Among her tactics: a letter sent to 348,000 high school and college students who have qualified for the grants, faulting the Legislature for killing the scholarship. The letter urged them to contact their state senators to tell them to restore the funding, and included a Web address and phone number.
The letters were mailed at a bulk-rate cost of $118,000, said Liz Boyd, a Granholm spokeswoman.
At a rally at Michigan State University in East Lansing, Granholm told about 200 who gathered: "This is critical for the legislators, who you and your families hired, to hear from you and your families. All across the state of Michigan, students can make their voices heard."
Granholm said lawmakers should return after Thanksgiving to approve changes in the Earned Income Tax Credit (EITC) for low-income taxpayers that would produce much of the $120 million that would fully restore the Promise Scholarship program.
A problem with the plan?
Matt Marsden, a spokesman for Senate Republicans, said the income-tax change Granholm supports was approved by the Senate last month to add more money to K-12 public schools. That plan was linked to a cut in the state business tax and has not been approved by the House.
"We wish we had the resources to provide the Promise grant. Presently, we do not," Marsden said. "There are other more-pressing needs now."
Senate Republicans dispute Granholm's claim that revenue from the EITC change cannot be used for K-12 schools but could be used for the college scholarship program.
MSU and others to the rescue
Meanwhile, MSU announced it would help cover some of the Promise Scholarship money that was cut to about 8,100 students. The neediest would get the most, and the money is to come from federal stimulus funds.
Val Meyers, associate director of MSU financial aid, stressed that the money is onetime aid, and that the university is not covering funds lost through any of the other scholarships the state eliminated or reduced. Between cuts to close the budget deficit and the phasing out of one program, almost $139 million less in scholarship funds will be available to Michigan students this year.
Some schools are scrambling to figure out ways to make up the difference.
Ferris State University also will use stimulus funds to help students such as Paula Getzmeyer, 18, of Ortonville, who has been told that she will receive $1,100 to make up for a semester's worth of the Promise and Competitive grants -- both state funds -- that she had expected earlier this year.

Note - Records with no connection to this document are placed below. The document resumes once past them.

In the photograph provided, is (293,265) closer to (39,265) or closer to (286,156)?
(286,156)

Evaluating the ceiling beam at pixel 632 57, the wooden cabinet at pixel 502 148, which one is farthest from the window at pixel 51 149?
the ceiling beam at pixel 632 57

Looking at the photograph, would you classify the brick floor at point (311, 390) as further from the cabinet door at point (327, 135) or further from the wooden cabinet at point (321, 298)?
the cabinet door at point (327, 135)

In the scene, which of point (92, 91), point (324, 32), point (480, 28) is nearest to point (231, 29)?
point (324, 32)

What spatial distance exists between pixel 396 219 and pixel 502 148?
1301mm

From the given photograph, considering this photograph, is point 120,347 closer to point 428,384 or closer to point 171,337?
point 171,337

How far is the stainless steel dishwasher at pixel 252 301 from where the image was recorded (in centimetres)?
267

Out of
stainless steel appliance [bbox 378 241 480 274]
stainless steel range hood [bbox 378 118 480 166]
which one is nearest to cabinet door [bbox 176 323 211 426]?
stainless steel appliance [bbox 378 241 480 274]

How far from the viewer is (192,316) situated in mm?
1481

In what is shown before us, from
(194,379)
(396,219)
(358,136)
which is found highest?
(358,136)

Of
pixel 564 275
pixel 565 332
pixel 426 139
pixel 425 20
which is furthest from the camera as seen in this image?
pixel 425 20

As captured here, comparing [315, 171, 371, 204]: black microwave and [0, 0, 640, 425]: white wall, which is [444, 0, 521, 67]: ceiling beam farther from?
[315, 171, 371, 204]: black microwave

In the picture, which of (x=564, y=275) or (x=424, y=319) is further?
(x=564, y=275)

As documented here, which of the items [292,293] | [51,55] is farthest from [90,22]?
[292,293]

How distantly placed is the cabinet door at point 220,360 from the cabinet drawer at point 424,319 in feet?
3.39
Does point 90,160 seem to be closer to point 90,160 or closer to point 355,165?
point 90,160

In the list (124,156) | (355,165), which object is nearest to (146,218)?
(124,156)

That help from Ferris will cover books and other odds and ends, said Getzmeyer, a pre-pharmacy student.
"You learn in your first year how quickly those things add up," she said.

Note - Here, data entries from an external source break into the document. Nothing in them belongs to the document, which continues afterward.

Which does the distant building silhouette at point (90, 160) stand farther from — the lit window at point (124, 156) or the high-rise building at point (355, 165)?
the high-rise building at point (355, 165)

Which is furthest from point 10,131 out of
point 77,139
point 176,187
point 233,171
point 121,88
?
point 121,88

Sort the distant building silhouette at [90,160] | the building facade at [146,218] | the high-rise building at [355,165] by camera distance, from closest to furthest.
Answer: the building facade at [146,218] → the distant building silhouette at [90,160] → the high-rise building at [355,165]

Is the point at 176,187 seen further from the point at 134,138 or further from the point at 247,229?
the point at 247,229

Other schools assumed those funds would evaporate and built financial-aid packages for students without those components. Among them was Oakland Community College, said Patrick Buck, a financial aid officer.

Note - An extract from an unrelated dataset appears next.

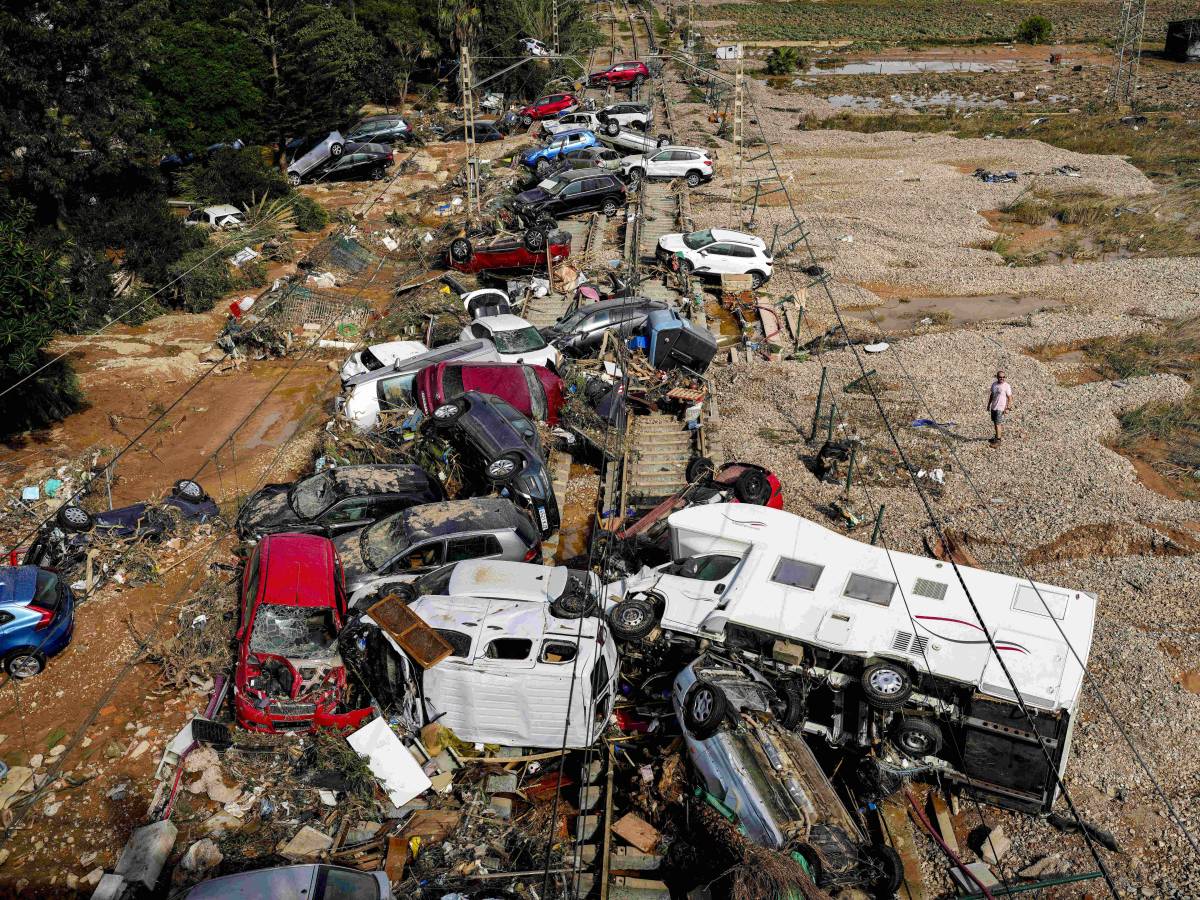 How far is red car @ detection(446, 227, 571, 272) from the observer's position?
80.8 ft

"It has been a headache for everyone -- for the schools, for students," he said. "At the same time unemployment goes up and more people can't pay for college, they've cut those funds."
Other funding ideas
Granholm and House Democrats have also proposed what she called painless tax changes to increase money for schools, including changes in personal income and business tax exemptions, and higher taxes on non-cigarette tobacco products.